We all have a story to tell. We have people to thank, places we've been, endured hardships we never thought we'd recover from. Yet, here we are, surviving. At 30, I never thought I'd be where I am at in life currently, but then again...I've concluded it's good to have loose guidelines on life rather than plans. We all know life doesn't go as planned afterall.

Friday, August 26, 2011

Sigh.....Sarcasm

Today if was brought to my attention that I was coming across publicly criticising one of the people I actually hold a great deal of respect for in my occupation. Now I feel disappointed in myself and didn't realize how often I made "joking" comments. Like they say, every joke has a root of being truth and this one did. I feel absolutely silly now and will from this day forth try to be more of a positive influence with my team and save the negativity for the door step!!

Friday, August 19, 2011

The life of a Mets Girl

Last night for whatever reason I was seriously sick...I think I ended up in the bathroom like 15 times. Since you all know that I don't move exactly quickly these days with my left hip being all necrotic, I fortunately brought a big bowl to bed with me.

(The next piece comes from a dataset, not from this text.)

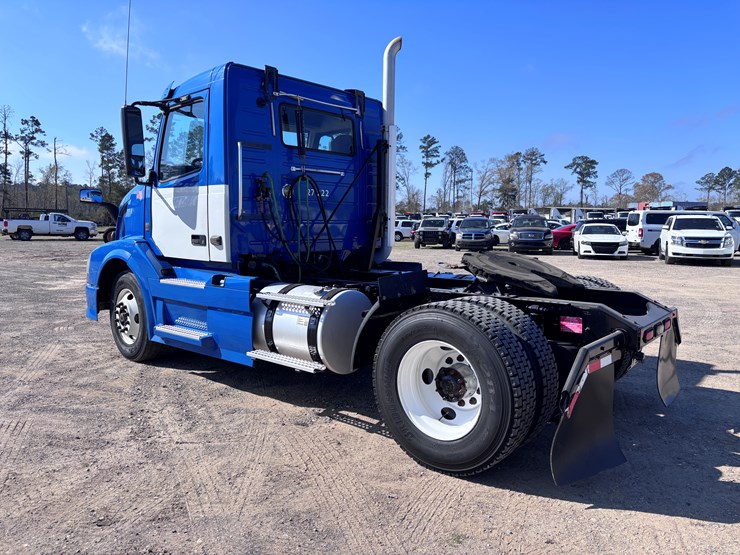 2015-volvo-vnl42t300-image-4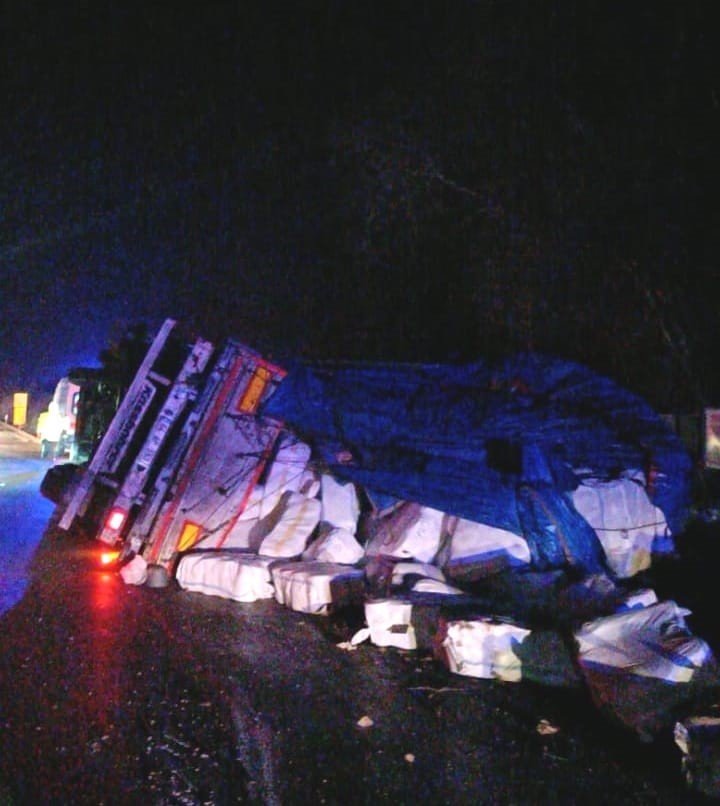 İplik Yüklü Tır Devrildi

The good news, i had a treatment scheduled for today and told the doc my predicament of the nights activities and asked for some extra liquids and he obliged.

Next week is an echocardiogram to make sure herceptin isn't damaging the good ole ticker (heart)

Two weeks is Faslodex and Xgeva- OUCH to all three shots.

I still have my cough and my hip is not any better. I'm just falling apart but maintaining my smile, of course.

My next scan will be in September...

Monday, August 1, 2011

Those that know me, know that I'm not really one to complain especially about myself. I feel myself pulling away from people, I'm afraid to make plans (for fear of cancelling them) or worse yet...keeping them and being miserable the entire time because I'm so tired, nauseous, or in pain. I hate cancelling plans especially last minute and anyone that knows me...KNOWS that I just love being social and seeing my friends. This has really made my heart heavy...I feel like such a waste. I thought I was destined for great things and now I just feel stuck struggling to stay afloat.

I love how I go to the doctor every week lately and he asks me what medications I'm on...which consist of Codiene cough syrup, marinol, lexapro, Ibu, albuterol inhaler...all as needed. My Dad is worried about me...worried about all the medications, but it's so hard. I just want to be normal so badly...I want to go about life like normal. I hate being "sick" I medicate myself to try to get through each day and live a normal life. Without work of some sort...that's it for me...I'll be giving up, be done fighting.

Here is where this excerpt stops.